Diese Kontrolle beruht zunächst meist auf militärische Präsenz. Immer wieder kommt es später aber auch zu zivilem Ungehorsam. Die größten Kundgebungen finden statt, als sich im März 1919 die Nationalversammlung Deutsch-Österreichs konstituiert – und das ohne die Abgeordneten aus Böhmen, Mähren und Österreich-Schlesien:

„Der schlimmste Moment in den tschechisch-deutschen Beziehungen kam am 4. März 1919. Da wurde bei Demonstrationen von Deutschböhmen an mehreren Orten das Feuer eröffnet. Die Folge waren über 50 tote Zivilisten“, so Šebek.

Der Schock darüber sitzt tief bei den Deutschen, obwohl die Verfassung dann letztlich weitreichende Minderheitenrechte garantiert. Im Vergleich zu anderen Staaten sei die Tschechoslowakei ziemlich liberal gewesen, betont Jaroslav Šebek.

Friedensverhandlungen in St. Germain  (Foto: Public Domain)
„Die deutsche Minderheit hatte zum Beispiel eigene Schulen und sogar eigene Universitäten. Sie konnte sich also auch intellektuell entfalten. Aber natürlich gab es genauso Probleme. Die entstanden unter anderem daraus, dass nicht viele Angehörige von Minderheiten im Staatsdienst beschäftigt waren. So dienten etwa auch in rein deutschen Gemeinden in den Grenzregionen tschechische Beamte, die nicht unbedingt die Sprache der Bewohner sprachen oder sie nur schlecht beherrschten. Vor allem aber waren es keine Deutschen. Das wurde in den 1930er Jahren dann zu einem der Steine des Anstoßes, als Hitler bereits an die Macht gekommen war und den Deutschen die Rückkehr zu nationaler Größe versprach.“

Während die ungelöste Nationalitätenfrage später zu einem Problem wird, geht es 1919 zunächst einmal um die Sicherung des tschechoslowakischen Staatsgebildes. Stichwort: Versailler Friedensverhandlungen.
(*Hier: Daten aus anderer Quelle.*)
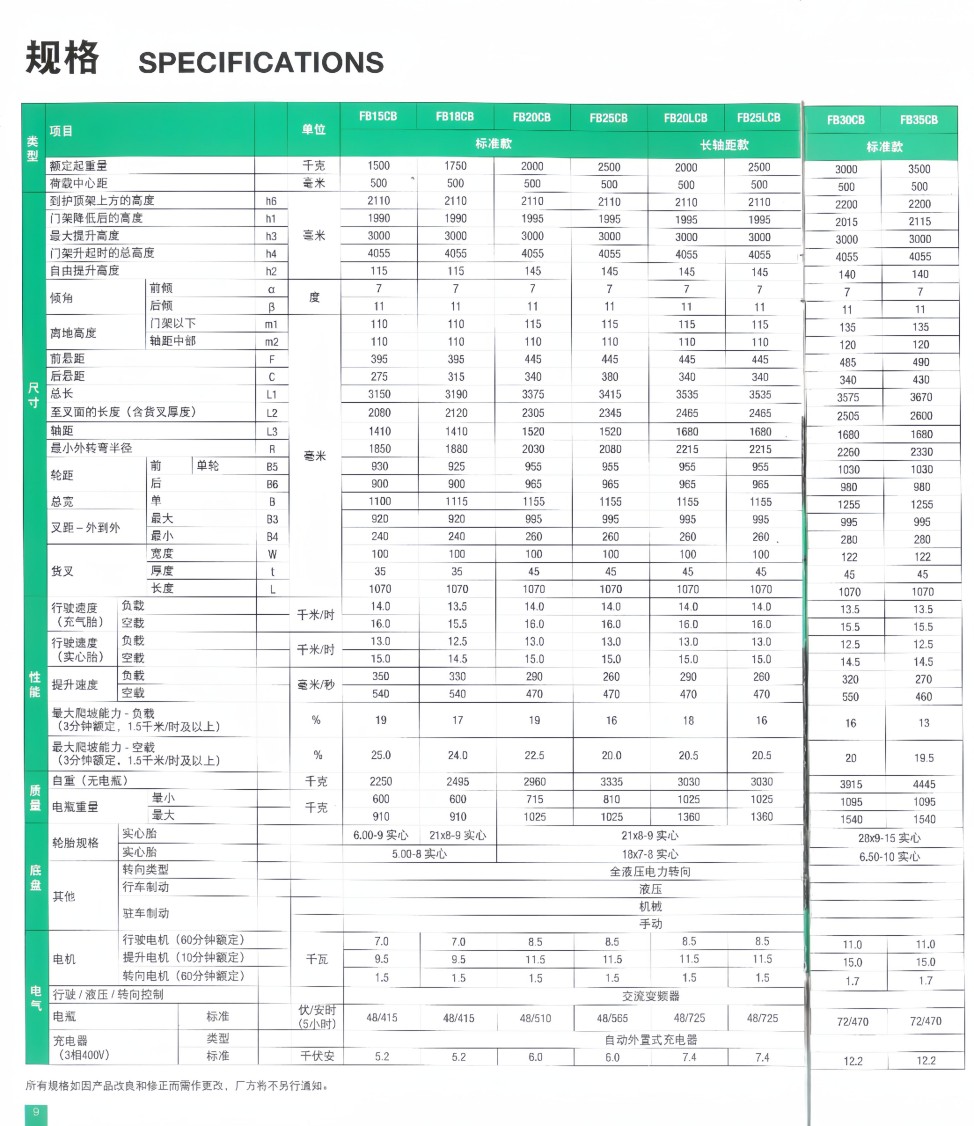 FB-CB技术参数.jpg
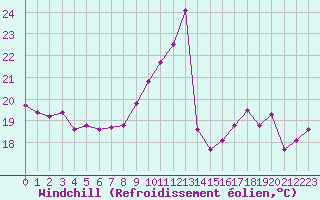 Courbe du refroidissement olien pour Ste (34)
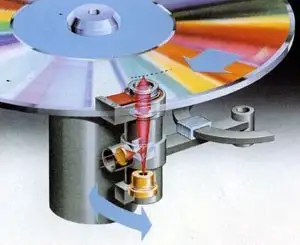 Philips diagram describing the reading of data from a CD.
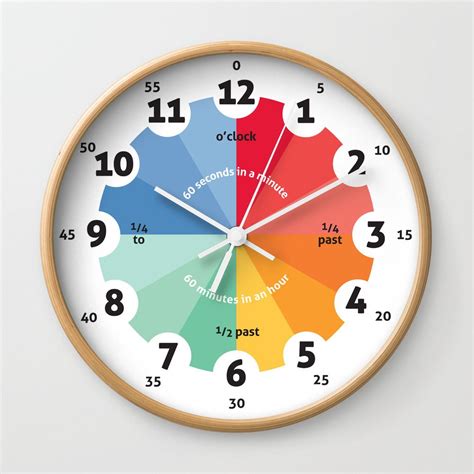 Learning Clock Ts For Teachers Teaching Time Classroom Clocks Playroom Decor Nursery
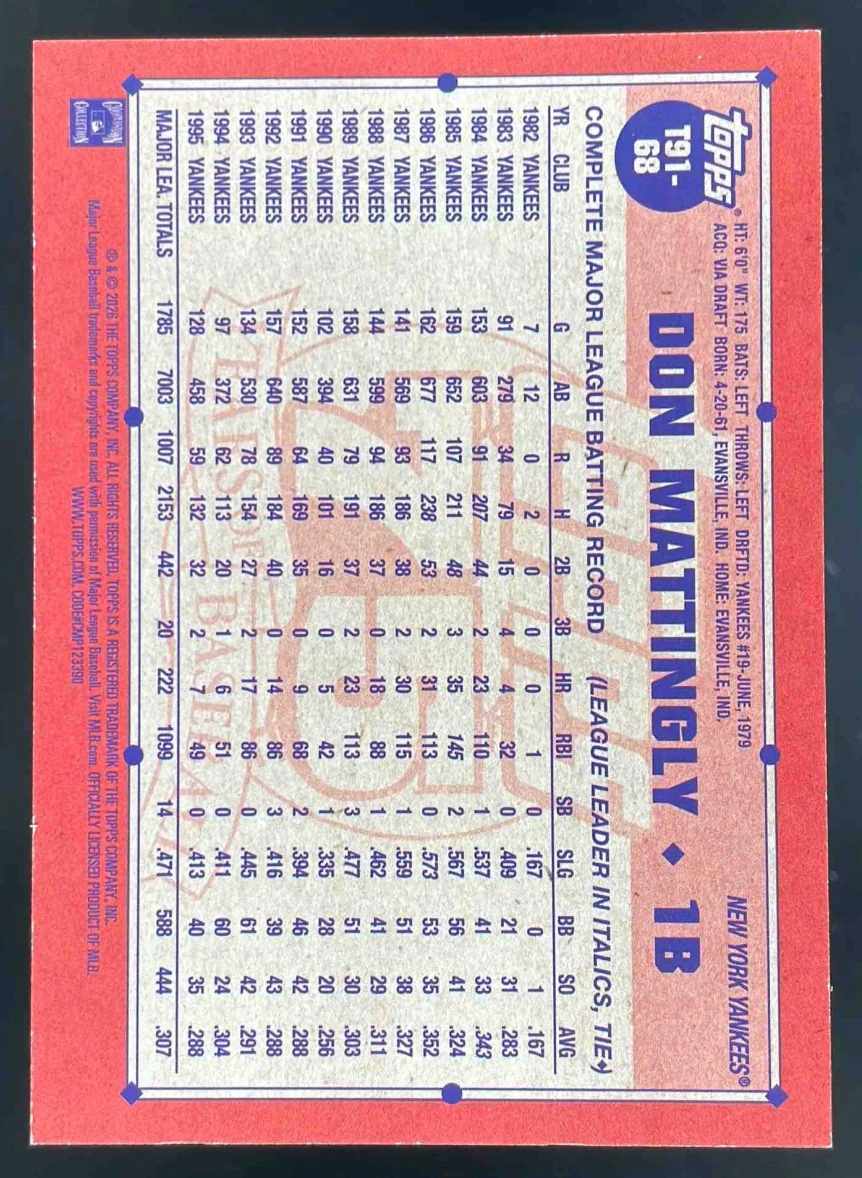 2026 Topps 1991 Topps Orange #T91-68 Don Mattingly /25 - Image 2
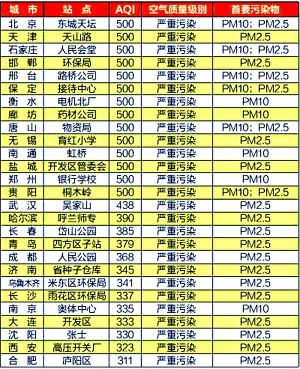昨天部分城市空气质量 昨天部分城市空气质量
„Erst bei den Friedensverhandlungen in Versailles, St. Germain und Trianon wurde der tschechoslowakische Staat definitiv anerkannt. In Versailles wird vereinbart, dass der Staat von Ungarn nicht nur die Slowakei erhält, sondern auch die Karpaten-Ukraine. Damit waren die Grenzen der Tschechoslowakei festgelegt“, bilanziert der Prager Geschichtswissenschaftler.

Der Vertrag von Trianon besiegelt die Abspaltungen aus dem Königreich Ungarn. Er wird am 4. Juni 1920 unterzeichnet.